▸ Given information
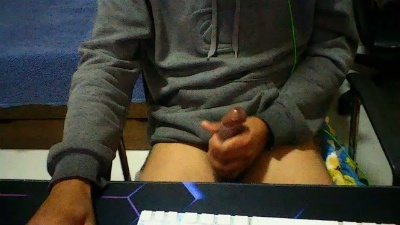 guigui2104 live cam on Cam4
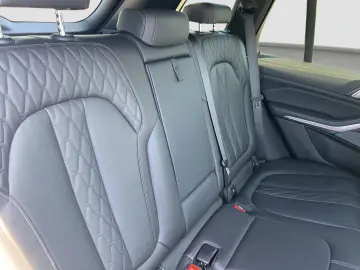 BMW X5 xDrive40d (M-Sport Navi AHK HUD H K ACC WLAN)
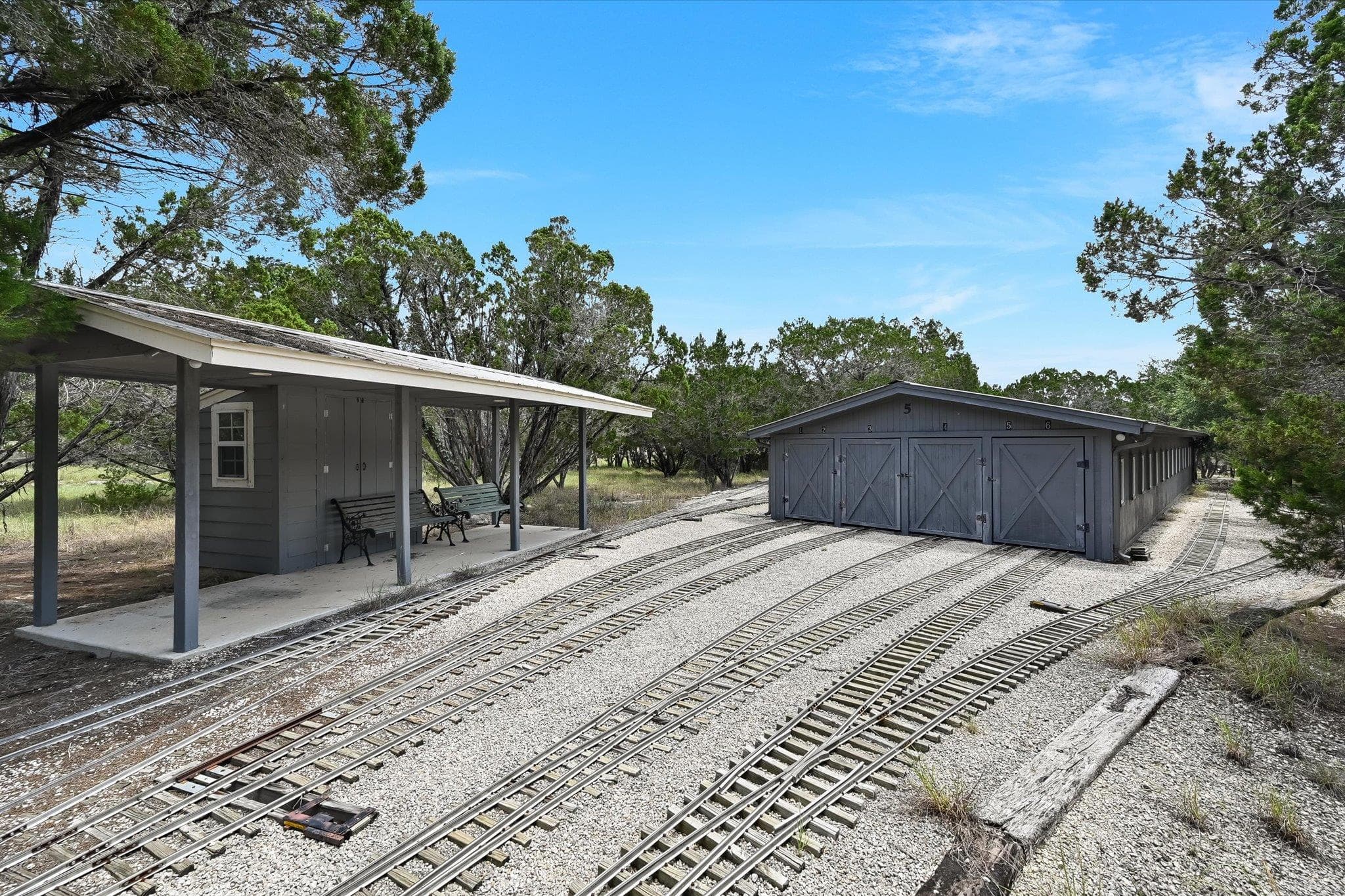 3820  River Rd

▸ Exercise prompt
Your output should be the lines from the one with "BMW X5 xDrive40d" through the end of the listing, copied exactly and with the pictures left out.

▸ Answer to this task
 BMW X5 xDrive40d (M-Sport Navi AHK HUD H K ACC WLAN)
 3820  River Rd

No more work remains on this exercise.